In the postlude, a suggestion floated in “System” returns with a vengeance. Laxton first sifts through the postwar play theories of Johan Huizinga, Émile Benveniste, Roger Caillois, and André Breton, and she touches on the Surrealist Spielraum roots of the Situationist International, Fluxus, and Happenings. This is a valuable historiography, and her tracing of the movement’s afterlives is sensitive, if overbrief. Yet we must revisit the exquisite corpse. In the early 1930s, participants began to execute these drawings in colored pencil on black paper that, crucially, was no longer folded.

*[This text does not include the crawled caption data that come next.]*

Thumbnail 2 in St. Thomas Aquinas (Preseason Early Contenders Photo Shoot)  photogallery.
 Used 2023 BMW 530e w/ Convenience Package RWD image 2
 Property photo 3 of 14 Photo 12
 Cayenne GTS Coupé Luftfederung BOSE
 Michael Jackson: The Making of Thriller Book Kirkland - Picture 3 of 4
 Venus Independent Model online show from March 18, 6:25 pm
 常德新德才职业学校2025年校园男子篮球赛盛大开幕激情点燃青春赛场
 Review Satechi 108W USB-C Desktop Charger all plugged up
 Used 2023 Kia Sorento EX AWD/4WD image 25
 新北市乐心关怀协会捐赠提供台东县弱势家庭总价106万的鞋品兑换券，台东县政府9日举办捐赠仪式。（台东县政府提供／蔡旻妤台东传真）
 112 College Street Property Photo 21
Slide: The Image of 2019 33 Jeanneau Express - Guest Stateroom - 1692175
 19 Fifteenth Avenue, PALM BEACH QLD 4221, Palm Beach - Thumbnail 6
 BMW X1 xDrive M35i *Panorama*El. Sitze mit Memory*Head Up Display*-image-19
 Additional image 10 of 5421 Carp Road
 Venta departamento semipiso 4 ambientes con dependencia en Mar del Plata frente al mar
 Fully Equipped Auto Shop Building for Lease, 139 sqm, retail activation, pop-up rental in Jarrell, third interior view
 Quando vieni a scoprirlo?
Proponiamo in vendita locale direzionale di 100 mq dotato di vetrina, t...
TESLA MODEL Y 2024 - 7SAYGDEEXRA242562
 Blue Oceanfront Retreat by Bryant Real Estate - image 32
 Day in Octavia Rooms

These changes gave the final compositions a significantly more unified and aestheticized look. Laxton writes that “to actually call them exquisite corpse images amounts to a betrayal of surrealism itself” (177), one among many betrayals that decade, when Surrealism as process—which ran technological procedures through the twisting irrationality of the Surrealist machine—gave way to Surrealism as product. She describes “a crisis within the surrealist movement itself, as it sold out the critical promise of surrealist play to the institutions of art and the agency of the master artist” (250).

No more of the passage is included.